Work instructions: Please print the listing that follows word for word, but skip any pictures it holds.

Data segment:

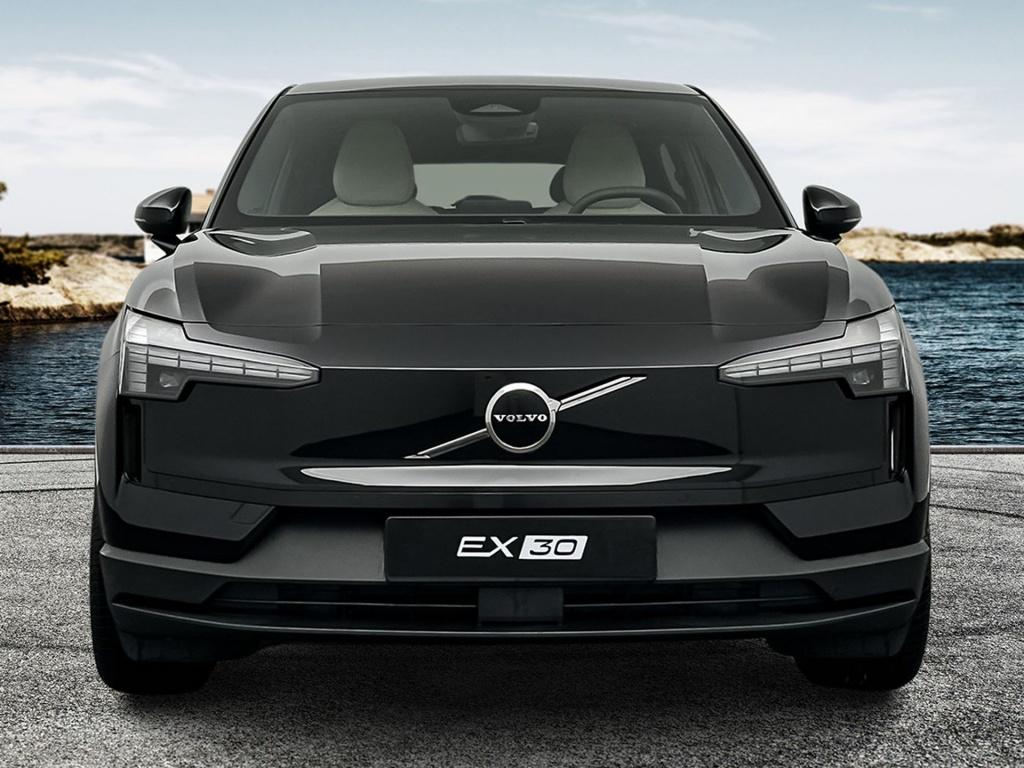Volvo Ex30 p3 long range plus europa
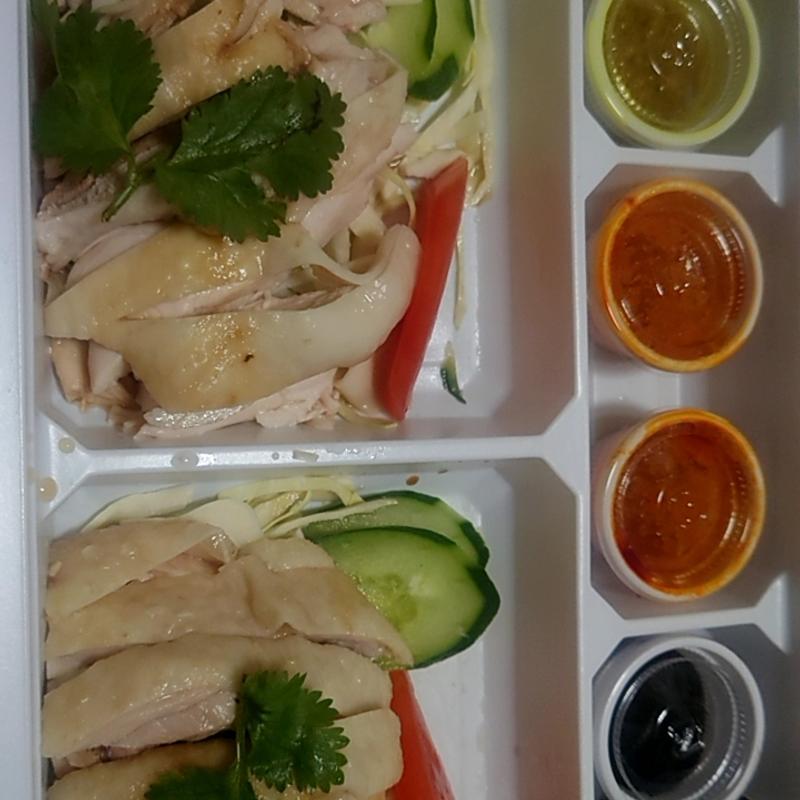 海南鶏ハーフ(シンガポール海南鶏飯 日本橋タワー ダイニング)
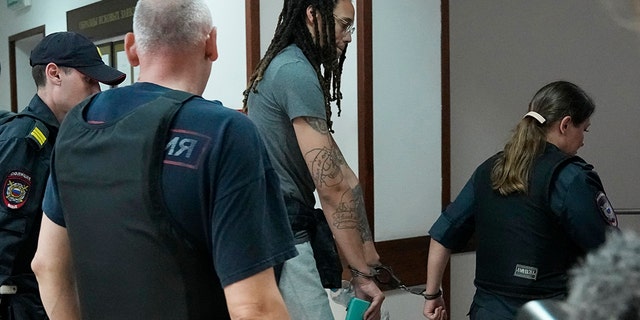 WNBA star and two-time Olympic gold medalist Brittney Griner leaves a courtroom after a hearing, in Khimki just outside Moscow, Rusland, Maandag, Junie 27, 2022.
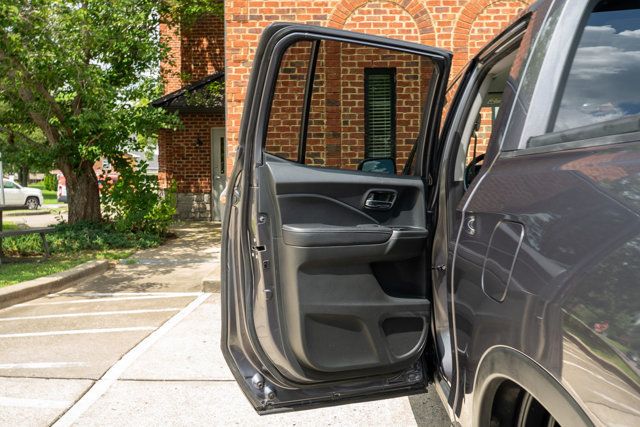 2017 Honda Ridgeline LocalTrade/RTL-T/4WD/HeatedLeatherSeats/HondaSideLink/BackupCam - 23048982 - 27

Answer area:
Volvo Ex30 p3 long range plus europa
 海南鶏ハーフ(シンガポール海南鶏飯 日本橋タワー ダイニング)
 WNBA star and two-time Olympic gold medalist Brittney Griner leaves a courtroom after a hearing, in Khimki just outside Moscow, Rusland, Maandag, Junie 27, 2022.
 2017 Honda Ridgeline LocalTrade/RTL-T/4WD/HeatedLeatherSeats/HondaSideLink/BackupCam - 23048982 - 27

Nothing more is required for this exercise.